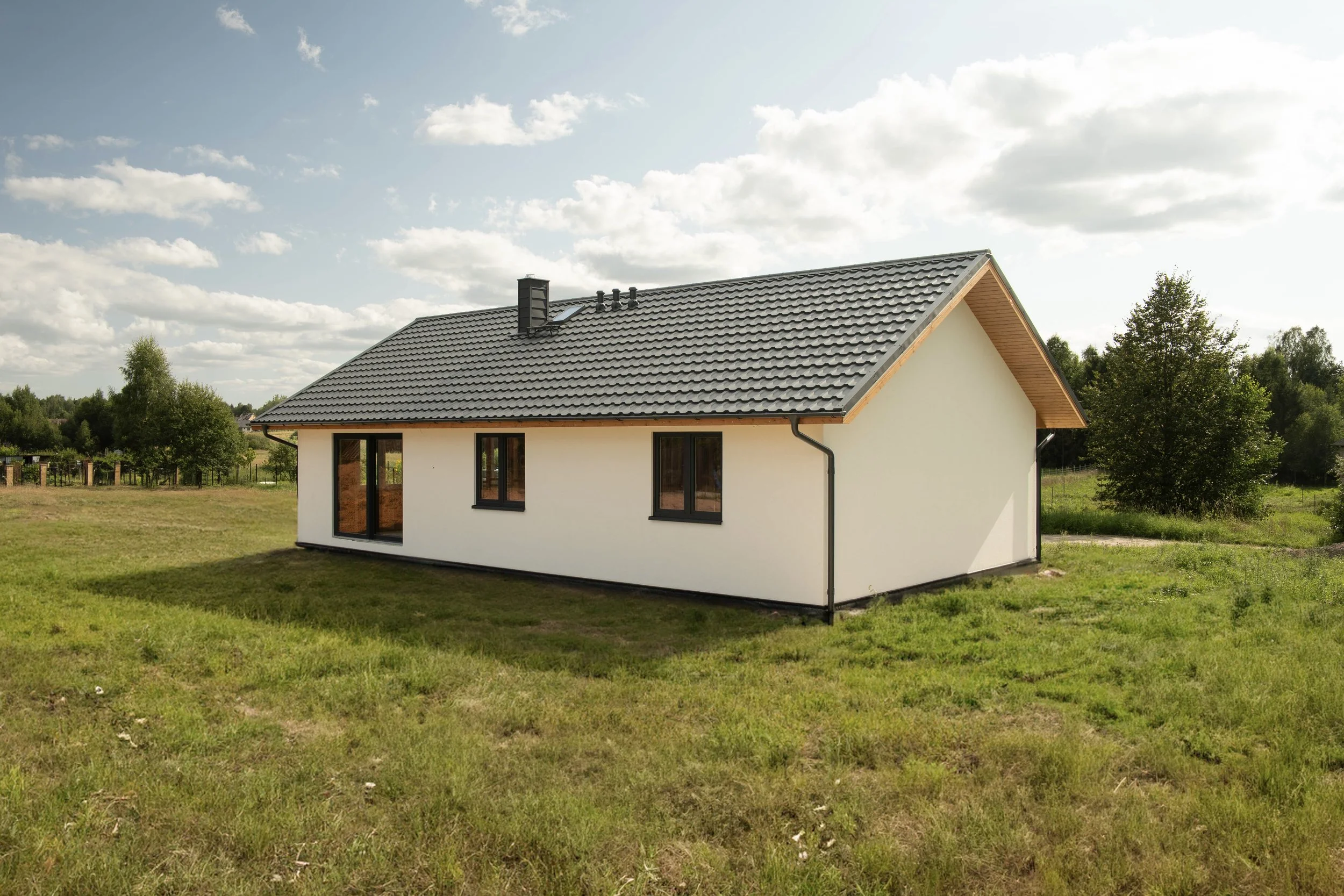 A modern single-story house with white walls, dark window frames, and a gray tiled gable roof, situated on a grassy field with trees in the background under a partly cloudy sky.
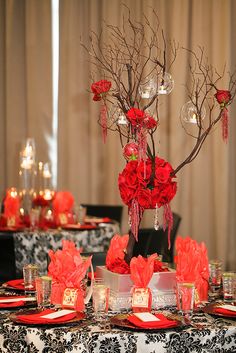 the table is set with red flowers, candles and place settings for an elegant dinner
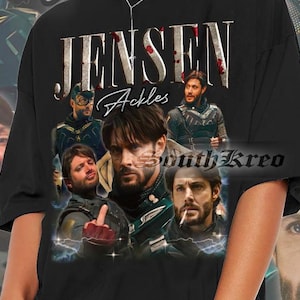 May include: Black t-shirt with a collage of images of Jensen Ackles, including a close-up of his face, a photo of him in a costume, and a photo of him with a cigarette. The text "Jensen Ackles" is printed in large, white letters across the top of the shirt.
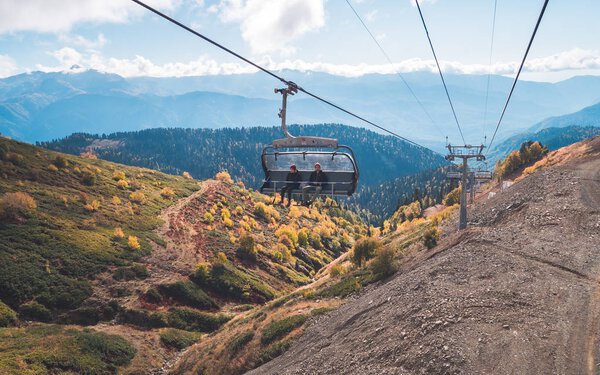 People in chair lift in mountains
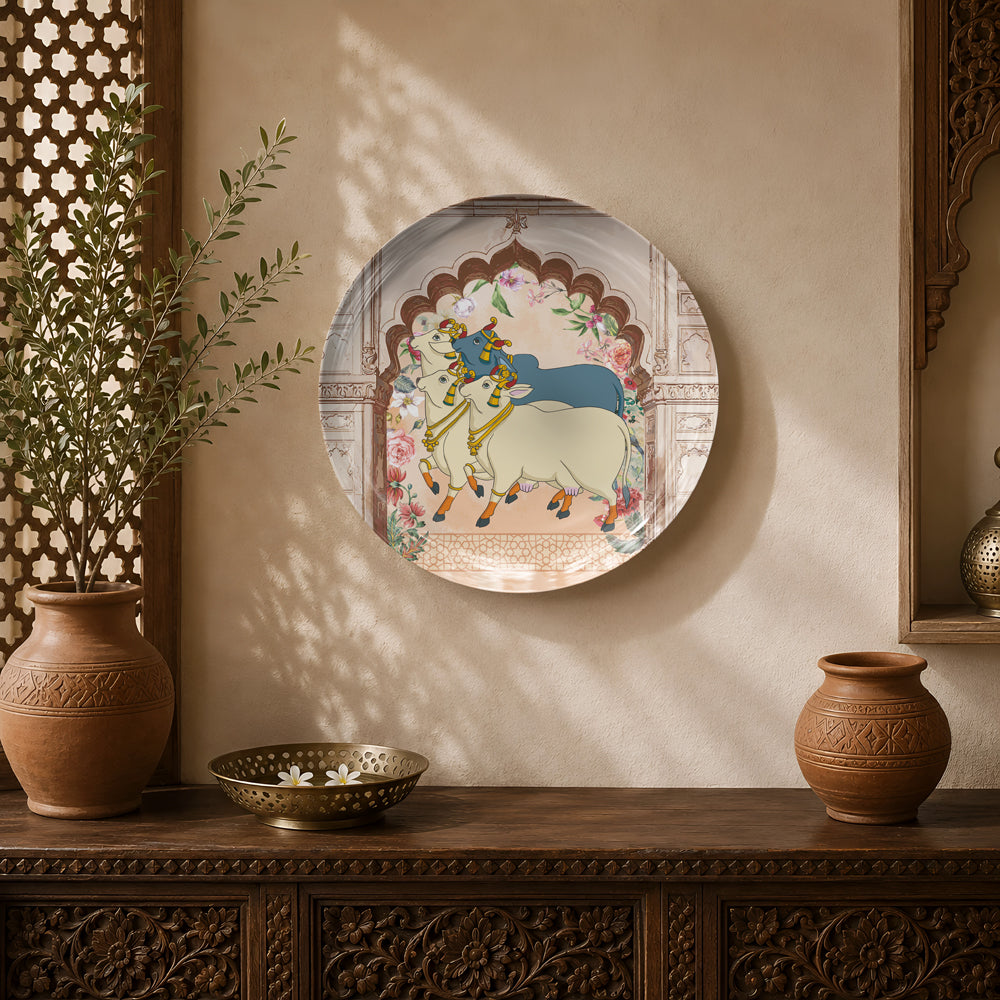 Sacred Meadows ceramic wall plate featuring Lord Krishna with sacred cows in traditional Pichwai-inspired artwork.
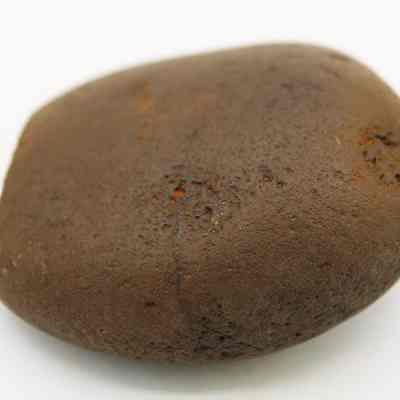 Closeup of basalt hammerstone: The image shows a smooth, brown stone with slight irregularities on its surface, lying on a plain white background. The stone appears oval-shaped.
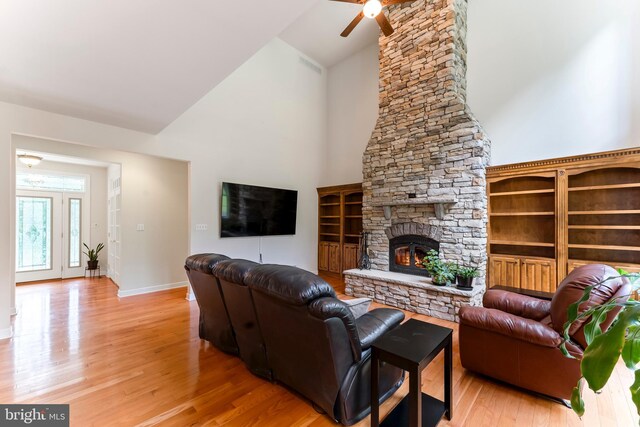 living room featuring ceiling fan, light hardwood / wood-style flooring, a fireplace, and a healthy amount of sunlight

___

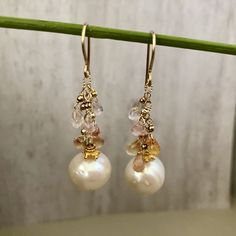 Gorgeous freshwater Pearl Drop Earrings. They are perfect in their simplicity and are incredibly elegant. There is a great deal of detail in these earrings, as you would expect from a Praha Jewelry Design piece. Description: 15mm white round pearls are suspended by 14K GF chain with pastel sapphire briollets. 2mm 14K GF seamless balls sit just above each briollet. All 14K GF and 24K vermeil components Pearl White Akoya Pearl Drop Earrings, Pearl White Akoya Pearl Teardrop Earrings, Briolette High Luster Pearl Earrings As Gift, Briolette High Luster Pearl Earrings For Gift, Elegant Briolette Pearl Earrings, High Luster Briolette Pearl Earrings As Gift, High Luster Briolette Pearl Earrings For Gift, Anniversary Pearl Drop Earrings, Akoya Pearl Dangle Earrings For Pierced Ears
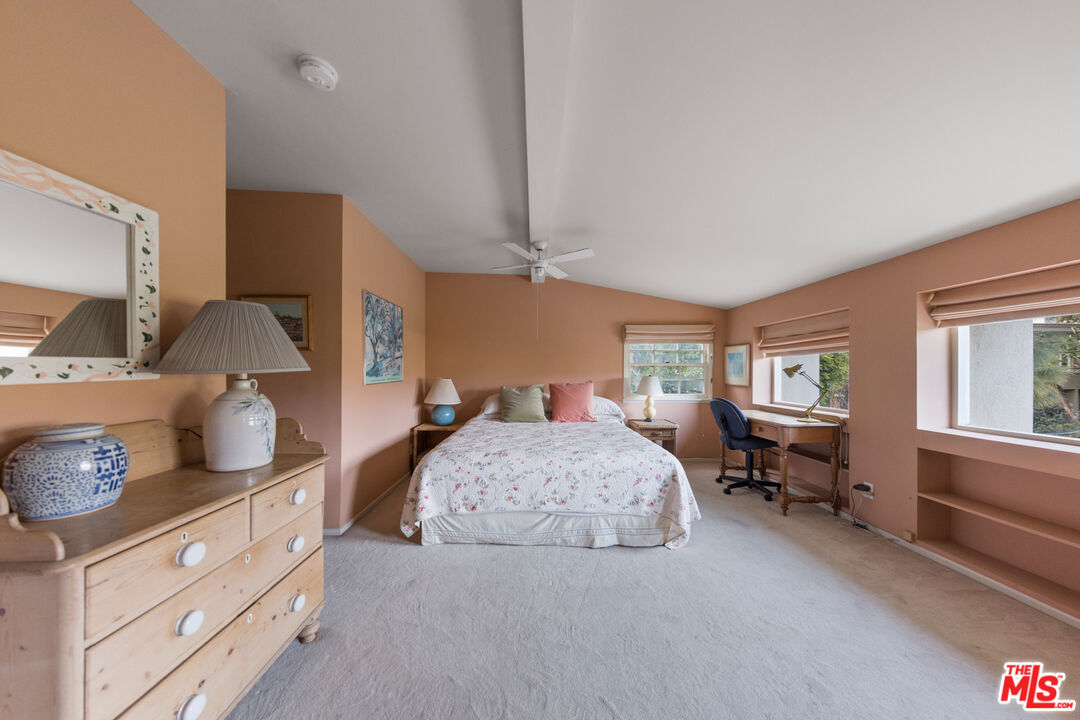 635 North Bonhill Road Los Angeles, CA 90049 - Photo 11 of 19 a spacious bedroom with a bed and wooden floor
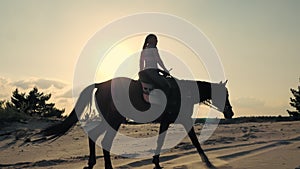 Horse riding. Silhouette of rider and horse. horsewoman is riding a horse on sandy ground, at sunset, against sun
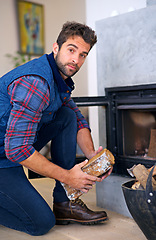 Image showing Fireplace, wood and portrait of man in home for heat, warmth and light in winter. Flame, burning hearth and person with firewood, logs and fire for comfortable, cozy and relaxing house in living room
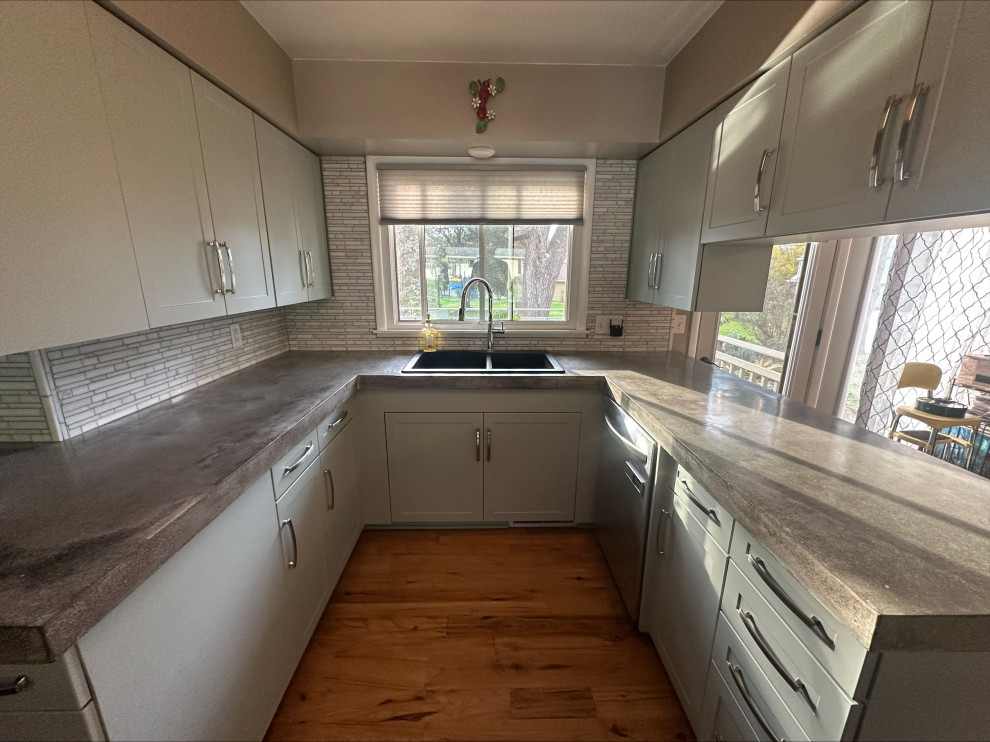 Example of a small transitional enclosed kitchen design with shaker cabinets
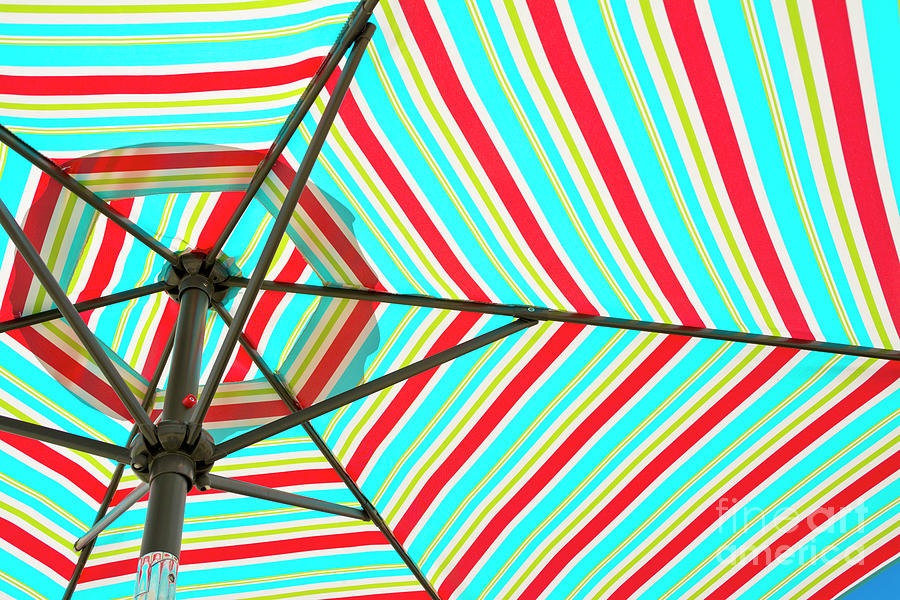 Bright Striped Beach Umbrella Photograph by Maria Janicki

___

• WHAT IS REQUIRED: Copy exactly the lines of the entries above from the one containing "A modern single-story" through the one containing "People in chair lift in mountains". Both end lines count; pictures do not.

• SOLUTION BELOW:
 A modern single-story house with white walls, dark window frames, and a gray tiled gable roof, situated on a grassy field with trees in the background under a partly cloudy sky.
 the table is set with red flowers, candles and place settings for an elegant dinner
 May include: Black t-shirt with a collage of images of Jensen Ackles, including a close-up of his face, a photo of him in a costume, and a photo of him with a cigarette. The text "Jensen Ackles" is printed in large, white letters across the top of the shirt.
 People in chair lift in mountains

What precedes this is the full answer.